Entrando en los contenidos del plan, la tesis de Clavero es tan sencilla como alarmante: «El plan encierra dos planes, uno mínimo y otro máximo, el de desarrollo estatutario con juego de derecho histórico y el de determinación propia al margen de títulos establecidos». El plan Ibarretxe mantiene una permanente ambigüedad al fundarse sobre dos principios sólo en apariencia fácilmente conciliables: por un lado, el respeto en primera instancia a la legalidad constituida; por otro, el recurso en última instancia a la decisión constituyente de la sociedad vasca. Iremos hasta donde haga falta siguiendo los procedimientos constituidos, dicen los defensores del plan; pero no serán estos procedimientos, sus potencialidades o sus imposibilidades, sus desarrollos ni sus obstáculos, los que decidirán el cómo y el hasta dónde del plan: al final, la expresión de una voluntad constituyente se impondrá sobre cualquier legalidad constituida.

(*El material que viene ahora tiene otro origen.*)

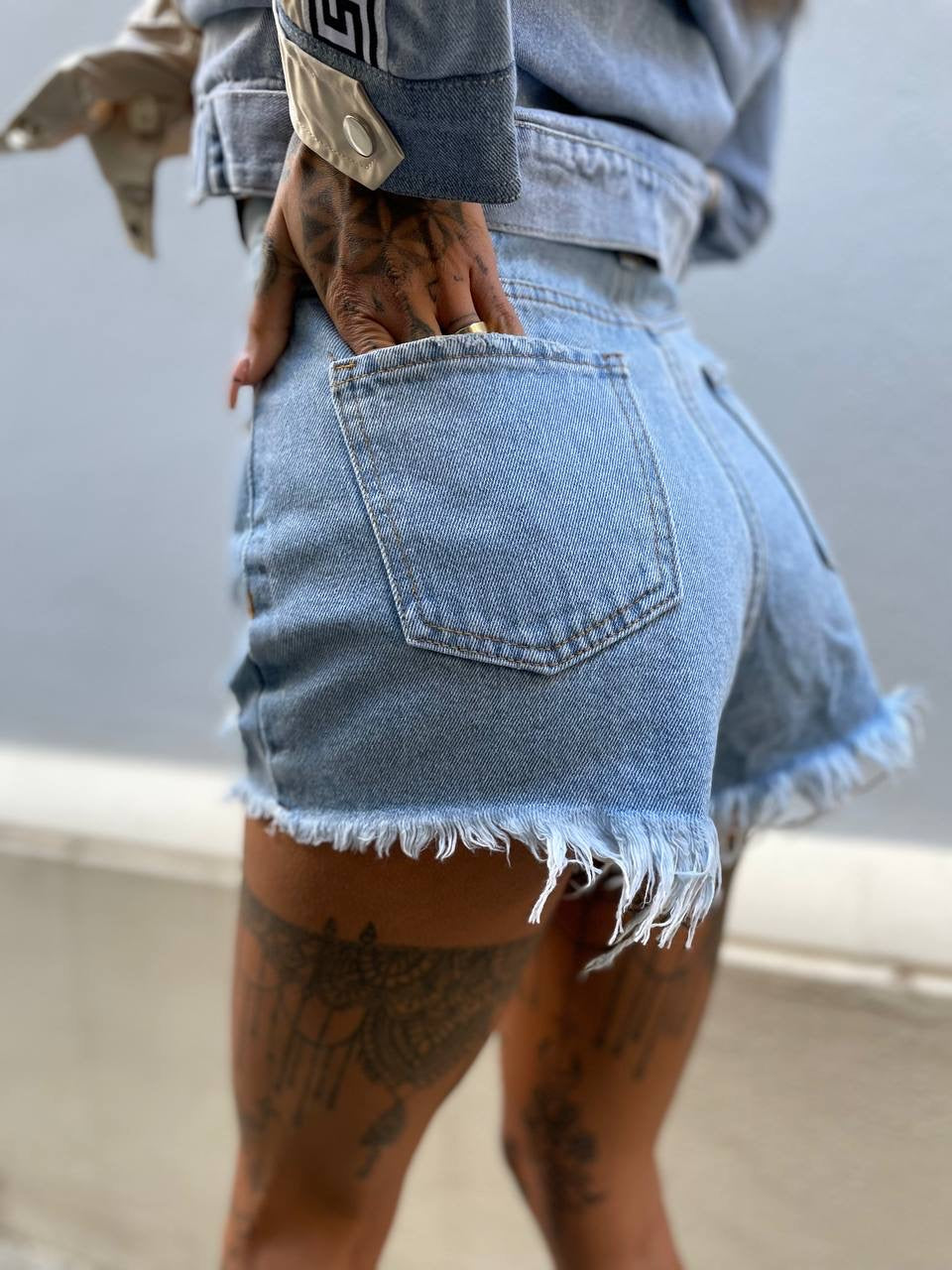 Short in jeans sfrangiato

En pura lógica democrática resulta difícil cuestionar este planteamiento, salvo que se pudiera asegurar: a) que el proceso de conformación de esa voluntad mayoritaria se está realizando mediante procedimientos antidemocráticos; o b) que el resultado de esa voluntad mayoritaria expresada incluso contra la legalidad vigente significará una agresión contra los derechos y libertades de la minoría. Mucho se podría decir a este respecto. Pero ahora me interesa seguir con la reflexión de Clavero, cuando se pregunta: «¿No hay democracia ninguna en la legalidad? ¿No debiera haber alguna legalidad en la democracia?». La contraposición entre legalidad (española) y voluntad (vasca) se ha convertido en la auténtica columna vertebral del plan Ibarretxe. Asentada sobre la vieja categorización que todo lo reduce a nacionalismo (español o vasco), hoy recuperada con más fuerza que nunca, nos aproxima a una situación de suma cero que vuelve imposible cualquier transacción.

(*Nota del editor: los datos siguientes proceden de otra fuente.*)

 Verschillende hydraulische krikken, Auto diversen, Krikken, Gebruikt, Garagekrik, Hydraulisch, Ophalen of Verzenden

Dos proyectos, dos identidades, dos soberanías, dos legalidades, dos voluntades. Dos planes. ¿Dos sociedades? «Toda sociedad», escribe Kapuscinski, «equivale a dos o más sociedades entre las cuales la comunicación se ve reducida a una porción mínima, e, incluso, nula. En algunos ambientes puede circular un intercambio de opiniones, ideas y pensamientos del cual otra comunidad puede no saber nada y ni siquiera querer enterarse». Quiero creer que nadie queremos tal cosa.